Each group had now presented their findings in a 15-minute presentation to a panel of professors and Laurier MBA alumni. At the end of the presentation, we were cross-examined by the panel to see how well we could defend our recommendations. When all was said and done, we waited to find out which teams would move into the finals and have the unique opportunity to present their recommendations to the Linamar executives

Five days had passed and it was now Thursday morning. Four members from Linamar’s executive team were on campus to hear the recommendations that four lucky Laurier MBA teams felt would be the solution for the challenge they were facing. This was an amazing opportunity for those four teams as they now had the opportunity to discuss a real-life situation, and provide their advice for moving forward with the Linamar executives. In attendance from Linamar was CEO, Linda Hasenfratz, CTO & Executive VP of Marketing, Mark Stoddart, CFO, Dale Schneider, and Executive VP of Human Resources, Roger Fulton. As we sat and watched the four selected teams present, we were impressed and proud of the information and suggestions that our classmates were proposing. Each proposal was presented incredibly well by the MBA teams, with the last team wowing the executive panel with their proposal.

Live ICE was an incredibly valuable experience for all those involved. From a student’s perspective this opportunity was a culmination of the entire Integrated Core semester. We were implementing the technical skills we learned in finance and strategy, but also incorporating the soft skills of time management, working under pressure and team building, in order to accomplish tough objectives with very limited time as we would encounter in everyday business situations. As the company involved in Live ICE, Linamar benefited as well. CEO, Linda Hasenfratz commented to the class afterwards that they were impressed with all of our team reports and the depth of our understanding of the topic and industry. As students that have just completed the Integrated Core, this was confirmation that we understood the information taught, and that we now were prepared to ask the right questions in high-pressure situations that produce results.
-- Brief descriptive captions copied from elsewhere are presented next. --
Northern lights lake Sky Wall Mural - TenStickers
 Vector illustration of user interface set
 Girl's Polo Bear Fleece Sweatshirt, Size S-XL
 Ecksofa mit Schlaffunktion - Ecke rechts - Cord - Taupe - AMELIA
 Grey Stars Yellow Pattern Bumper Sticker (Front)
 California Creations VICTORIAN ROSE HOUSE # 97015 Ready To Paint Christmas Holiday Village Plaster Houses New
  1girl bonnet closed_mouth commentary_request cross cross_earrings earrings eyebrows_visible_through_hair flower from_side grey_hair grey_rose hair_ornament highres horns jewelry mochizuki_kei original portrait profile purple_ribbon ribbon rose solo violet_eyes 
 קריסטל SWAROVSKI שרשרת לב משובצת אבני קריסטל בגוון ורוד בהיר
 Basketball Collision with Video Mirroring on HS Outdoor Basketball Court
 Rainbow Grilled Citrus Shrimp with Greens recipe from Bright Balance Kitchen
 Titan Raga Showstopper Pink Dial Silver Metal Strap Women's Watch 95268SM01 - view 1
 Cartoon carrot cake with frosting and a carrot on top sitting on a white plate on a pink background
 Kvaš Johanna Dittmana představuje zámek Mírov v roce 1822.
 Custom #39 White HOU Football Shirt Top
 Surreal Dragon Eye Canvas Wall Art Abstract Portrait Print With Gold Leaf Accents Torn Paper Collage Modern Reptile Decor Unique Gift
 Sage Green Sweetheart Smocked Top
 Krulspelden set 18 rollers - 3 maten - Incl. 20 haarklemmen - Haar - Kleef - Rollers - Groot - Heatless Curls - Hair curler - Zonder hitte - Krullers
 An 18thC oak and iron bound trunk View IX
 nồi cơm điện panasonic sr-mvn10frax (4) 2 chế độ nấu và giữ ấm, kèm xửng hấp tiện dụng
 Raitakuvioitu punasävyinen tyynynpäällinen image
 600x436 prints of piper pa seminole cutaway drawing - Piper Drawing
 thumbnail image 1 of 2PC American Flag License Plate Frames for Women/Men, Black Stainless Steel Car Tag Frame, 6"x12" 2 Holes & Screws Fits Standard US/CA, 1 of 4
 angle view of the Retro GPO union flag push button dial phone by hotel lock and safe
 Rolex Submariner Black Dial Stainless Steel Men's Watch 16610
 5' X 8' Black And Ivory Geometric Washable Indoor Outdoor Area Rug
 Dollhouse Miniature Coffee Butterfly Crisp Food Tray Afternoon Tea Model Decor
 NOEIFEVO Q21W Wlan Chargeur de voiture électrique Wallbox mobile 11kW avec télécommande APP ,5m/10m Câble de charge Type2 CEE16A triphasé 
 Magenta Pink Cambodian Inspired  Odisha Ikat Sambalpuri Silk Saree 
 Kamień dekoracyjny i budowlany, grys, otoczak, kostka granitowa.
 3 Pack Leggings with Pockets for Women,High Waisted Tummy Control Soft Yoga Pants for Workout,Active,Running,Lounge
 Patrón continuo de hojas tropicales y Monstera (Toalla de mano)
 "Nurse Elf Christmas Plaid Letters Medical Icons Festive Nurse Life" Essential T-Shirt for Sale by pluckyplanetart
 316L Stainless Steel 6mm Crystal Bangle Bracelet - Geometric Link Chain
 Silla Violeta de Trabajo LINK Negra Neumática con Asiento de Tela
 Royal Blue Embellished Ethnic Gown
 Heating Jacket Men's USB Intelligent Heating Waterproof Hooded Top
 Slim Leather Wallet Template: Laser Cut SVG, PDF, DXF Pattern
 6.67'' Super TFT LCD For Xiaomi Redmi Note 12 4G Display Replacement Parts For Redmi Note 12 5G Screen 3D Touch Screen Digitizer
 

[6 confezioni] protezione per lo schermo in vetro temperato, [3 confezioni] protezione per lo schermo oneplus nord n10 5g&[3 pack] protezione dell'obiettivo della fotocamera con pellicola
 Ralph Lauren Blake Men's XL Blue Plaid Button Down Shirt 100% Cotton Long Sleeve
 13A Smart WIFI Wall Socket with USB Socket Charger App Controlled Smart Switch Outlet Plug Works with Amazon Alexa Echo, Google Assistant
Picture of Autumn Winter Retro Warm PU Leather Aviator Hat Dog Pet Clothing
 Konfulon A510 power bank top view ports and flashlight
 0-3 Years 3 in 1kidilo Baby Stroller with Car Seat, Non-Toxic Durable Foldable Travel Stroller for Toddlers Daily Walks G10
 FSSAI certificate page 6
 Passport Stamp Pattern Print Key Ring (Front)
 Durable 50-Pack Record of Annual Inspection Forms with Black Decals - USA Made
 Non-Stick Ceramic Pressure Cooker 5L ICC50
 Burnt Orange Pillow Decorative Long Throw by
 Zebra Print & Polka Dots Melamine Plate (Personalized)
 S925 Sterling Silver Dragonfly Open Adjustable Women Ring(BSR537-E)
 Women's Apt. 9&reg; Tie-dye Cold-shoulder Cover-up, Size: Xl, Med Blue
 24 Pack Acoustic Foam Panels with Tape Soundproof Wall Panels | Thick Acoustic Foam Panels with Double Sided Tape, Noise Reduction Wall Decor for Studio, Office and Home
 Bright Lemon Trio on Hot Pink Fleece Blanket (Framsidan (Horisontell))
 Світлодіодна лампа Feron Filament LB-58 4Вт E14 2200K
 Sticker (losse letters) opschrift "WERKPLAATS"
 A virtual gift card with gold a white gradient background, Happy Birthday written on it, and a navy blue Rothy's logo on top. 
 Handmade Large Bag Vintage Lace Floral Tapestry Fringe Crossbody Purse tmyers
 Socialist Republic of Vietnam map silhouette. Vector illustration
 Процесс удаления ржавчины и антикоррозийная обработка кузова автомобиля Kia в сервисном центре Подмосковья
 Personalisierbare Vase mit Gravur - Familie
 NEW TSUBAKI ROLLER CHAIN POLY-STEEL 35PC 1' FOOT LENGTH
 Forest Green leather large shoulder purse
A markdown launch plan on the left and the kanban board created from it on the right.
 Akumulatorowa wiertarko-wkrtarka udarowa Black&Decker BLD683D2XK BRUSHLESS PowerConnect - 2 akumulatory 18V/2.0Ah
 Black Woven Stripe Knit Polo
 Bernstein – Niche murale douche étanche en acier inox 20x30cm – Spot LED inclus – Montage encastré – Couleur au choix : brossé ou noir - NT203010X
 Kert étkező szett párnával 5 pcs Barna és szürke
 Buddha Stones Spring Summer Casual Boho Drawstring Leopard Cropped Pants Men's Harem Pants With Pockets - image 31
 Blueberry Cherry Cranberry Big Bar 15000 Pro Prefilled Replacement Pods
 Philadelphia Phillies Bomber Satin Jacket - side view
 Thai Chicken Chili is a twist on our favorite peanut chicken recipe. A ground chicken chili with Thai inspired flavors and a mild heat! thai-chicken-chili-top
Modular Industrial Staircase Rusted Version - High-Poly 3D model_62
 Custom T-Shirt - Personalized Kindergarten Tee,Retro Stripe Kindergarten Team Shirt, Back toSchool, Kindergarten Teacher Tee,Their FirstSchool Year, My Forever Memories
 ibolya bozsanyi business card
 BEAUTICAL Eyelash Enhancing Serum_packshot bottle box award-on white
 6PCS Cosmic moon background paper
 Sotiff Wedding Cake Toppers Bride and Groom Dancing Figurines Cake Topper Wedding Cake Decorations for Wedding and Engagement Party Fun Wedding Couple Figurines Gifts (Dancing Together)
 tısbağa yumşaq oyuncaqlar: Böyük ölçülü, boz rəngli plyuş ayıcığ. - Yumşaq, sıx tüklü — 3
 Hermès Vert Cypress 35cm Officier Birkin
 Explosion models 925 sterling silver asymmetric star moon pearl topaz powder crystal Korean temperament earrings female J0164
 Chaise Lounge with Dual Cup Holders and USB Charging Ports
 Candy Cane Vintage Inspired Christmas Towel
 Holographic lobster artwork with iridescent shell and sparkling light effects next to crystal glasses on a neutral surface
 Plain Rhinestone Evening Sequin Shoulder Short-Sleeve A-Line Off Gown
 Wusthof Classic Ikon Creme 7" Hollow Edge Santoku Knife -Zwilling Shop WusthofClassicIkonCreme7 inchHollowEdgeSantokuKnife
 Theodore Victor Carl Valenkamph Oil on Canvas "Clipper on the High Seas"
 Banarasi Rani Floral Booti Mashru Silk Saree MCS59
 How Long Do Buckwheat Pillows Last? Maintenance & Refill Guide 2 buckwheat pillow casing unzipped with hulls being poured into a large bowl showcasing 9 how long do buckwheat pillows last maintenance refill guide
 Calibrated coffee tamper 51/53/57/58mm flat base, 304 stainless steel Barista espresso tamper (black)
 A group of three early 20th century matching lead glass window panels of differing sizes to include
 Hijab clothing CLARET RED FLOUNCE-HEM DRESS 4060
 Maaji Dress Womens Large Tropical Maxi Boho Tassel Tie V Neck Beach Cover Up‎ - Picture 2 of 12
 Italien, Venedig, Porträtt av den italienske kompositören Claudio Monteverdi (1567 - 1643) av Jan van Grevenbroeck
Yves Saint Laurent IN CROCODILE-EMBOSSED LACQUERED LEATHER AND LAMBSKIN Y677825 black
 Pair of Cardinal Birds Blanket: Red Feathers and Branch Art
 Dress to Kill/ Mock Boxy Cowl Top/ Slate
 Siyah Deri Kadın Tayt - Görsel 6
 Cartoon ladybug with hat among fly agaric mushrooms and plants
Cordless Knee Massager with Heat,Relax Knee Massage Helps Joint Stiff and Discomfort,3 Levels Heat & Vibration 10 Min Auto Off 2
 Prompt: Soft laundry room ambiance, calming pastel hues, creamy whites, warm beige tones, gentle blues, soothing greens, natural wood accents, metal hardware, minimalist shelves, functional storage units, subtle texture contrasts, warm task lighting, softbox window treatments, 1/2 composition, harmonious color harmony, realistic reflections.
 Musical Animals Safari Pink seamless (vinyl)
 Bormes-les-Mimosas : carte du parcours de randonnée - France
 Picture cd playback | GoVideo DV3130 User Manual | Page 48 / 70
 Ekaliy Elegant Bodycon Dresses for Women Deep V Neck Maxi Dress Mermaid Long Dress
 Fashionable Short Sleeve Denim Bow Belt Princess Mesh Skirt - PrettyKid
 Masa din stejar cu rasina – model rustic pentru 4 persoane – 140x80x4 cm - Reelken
All in all, the first semester in the Laurier MBA program was, and will be, a whirlwind of activity. We all had significant challenges along the way, but by ending the term with the Live Integrated Case Exercise we were able to apply everything we had learned over the past four months, explore a new industry and communicate with a real-life company. The interaction we had with Linamar executives was extremely rewarding, and an outstanding opportunity to see the challenges an international business is facing, and how, as MBA students, our skill set that we are learning can and will be of value to them as an organization.

One Response to “A Laurier MBA Full-time candidate’s perspective on Live ICE”

  1. Gowrishankar says:

    This was really helpful for future students to get a perspective of the 1st term. Do post more blogs like this!!